The Freshest Chamber

Be Well Be Happy

“Our ability to find something to love, and to love again for the first time, depends greatly on how we resolve and integrate where we’ve been before. A great model for us exists in the chambered nautilus, an exquisite shell creature that lives along the ocean floor.  The nautilus is a deep-sea form of life that inches like a soft man in a hard shell finding his prayers along the bottom. Over time it builds a spiral shell, but always lives in the newest chamber.

“The other chambers, they say, contain a gas or liquid that helps the nautilus control its buoyancy.  Even here, a mute lesson in how to use the past:  live in the most recent chamber and use the others to stay afloat.

“Can we, in this way, build strong chambers for our traumas:  not living there, but breaking our past down ‘til it is fluid enough to lose most of its weight? Can we internalize where we’ve been enough to know that we are no longer living there?  When we can, life will seem lighter.

“It is not by accident that the nautilus turns its slow digestion of the bottom into a body that can float. It tells us that only time can put the past in perspective, and only when the past is behind us, and not before us, can we be open enough and empty enough to truly feel what is about to happen. Only by living in the freshest chamber of the heart can we love again and again for the first time.” (The Book of Awakening, Mark Nepo)

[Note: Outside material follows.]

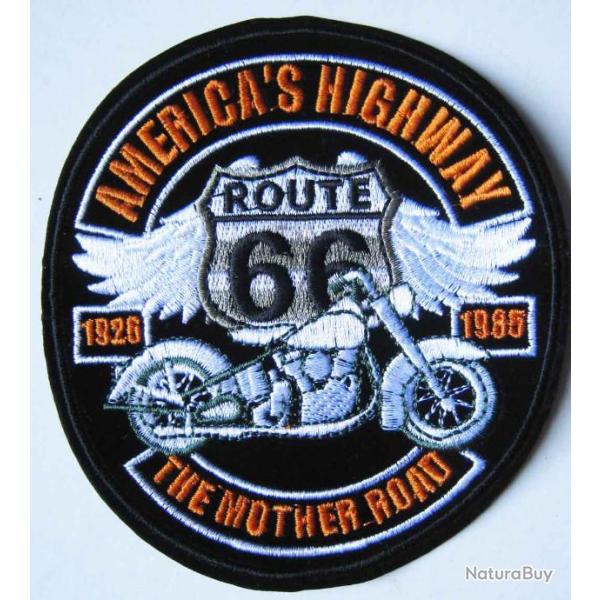 PATCH-ECUSSON AMERICA'S HIGHWAY - Ref.66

This is one of the most profound passages I have read in a long time. Maybe because it resonates deeply at this point in my life, or maybe because it is so pointed, full of sense and brings forth a process for perfect balance. 

Transform the bad, the hard, the trauma and integrate each by allowing them to become something that helps us to live rather than prevents us from living.  We can retell, re-feel, re-embody all of the bad things over and over again, but when we acknowledge, know and feel that they are a part of us—whether we like it or not—we create something that helps us to live—to float and swim like the nautilus.  We are a sum total of our experience on this earth—that is a lot of moments.  These millions of moments contributed to the people we are.  Using the past as a means to live now is a powerful message. 

A few days ago, I used the image above and scooped up some not so good life experiences and put them in a chamber below where I am living now and imagined them with very little weight—so light that they barely existed —only to keep the person I am living upward in the newest chamber, the freshest chamber of my heart. 

May you be happy.  May you be free. May you be grateful.  May you be compassionate.  May you let go of things that do not serve you. May you have inner peace.